Hammond’s testimony provides a devastating and thorough critique of each of the two bills under consideration – the Permitting Litigation Efficiency Act of 2018 (PLEA) (H.R. 5468) and the North Texas Water Supply Security Act of 2017 (H.R. 4423), respectively. The “problem” these bills try to “solve” is that existing administrative laws and procedures have a pesky habit of creating a neutral process meant to lead to better government decision-making, and oftentimes that means yielding results that cut into industry profits to ensure reasonable environmental protections. As Hammond puts it:
Both PLEA and H.R. 4423 are thinly veiled attempts to tamper with well-established procedural systems on behalf of anti-environmental interests. The Administrative Procedure Act (APA) embodies an important choice made by a unanimous Congress: The statute creates generally applicable, neutral procedures for agencies to follow, rather than creating piecemeal carve-outs for specific agencies or subject-matter areas. The Federal Rules of Civil Procedure are similarly designed. Both are procedural systems that provide access to enforcing substantive rights and obligations, thereby ensuring fairness and promoting confidence in the legal system.

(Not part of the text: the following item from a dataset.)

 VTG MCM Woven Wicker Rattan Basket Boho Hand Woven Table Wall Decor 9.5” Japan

On the basis of her analysis, Hammond concludes that the two bills “amount to stunning attempts to chill public engagement and undermine principles of good governance.”
As she explains, some of the provisions in the bills seek to constrain judicial discretion when reviewing legal challenges to environmental permits – and to do so in ways that inevitably favor industry’s preferred outcomes. For example, a provision of PLEA requires courts to presume “unreasonable delay” if an agency has not acted within a certain timeframe on particular permitting decisions. The result would be that the reviewing judge in many cases would be compelled to order the agency to act on the permit, thereby expediting the project that industry desires and short-circuiting public interest attempts to ensure that the permit properly accounts for environmental factors.

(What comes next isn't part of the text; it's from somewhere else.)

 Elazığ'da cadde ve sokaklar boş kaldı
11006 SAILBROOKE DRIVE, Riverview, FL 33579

Other provisions are meant to limit the ability of public interest groups to challenge certain environmental permits in court. For example, another provision in PLEA would authorize reviewing judges to require public interest litigants to pay a bond of up to $5 million to have their challenges heard. Few public interest groups could satisfy this requirement, thereby effectively insulating permitting decisions against one of the most critical avenues of public engagement and oversight.
In this way, the two bills act as a pair of scissors – with one blade that skews decision-making in favor of industry and another that bars meaningful public engagement in environmental permitting decisions – designed to cut through important environmental protections.
On the whole, the bills are part of a broader conservative strategy to use “infrastructure policy” as a Trojan horse for smuggling in attacks on bedrock environmental laws like the National Environmental Policy Act (NEPA) and the Endangered Species Act. Despite their claims, we can have better and safer infrastructure without unnecessarily sacrificing our natural environment. It merely requires better priorities and realistic financial investment.
Professor Hammond’s testimony provides a critical reality check. Hopefully, the conservative members in attendance at the hearing are prepared to listen.
This post was updated to add the bill number assigned to the Permitting Litigation Efficiency Act of 2018 on April 12.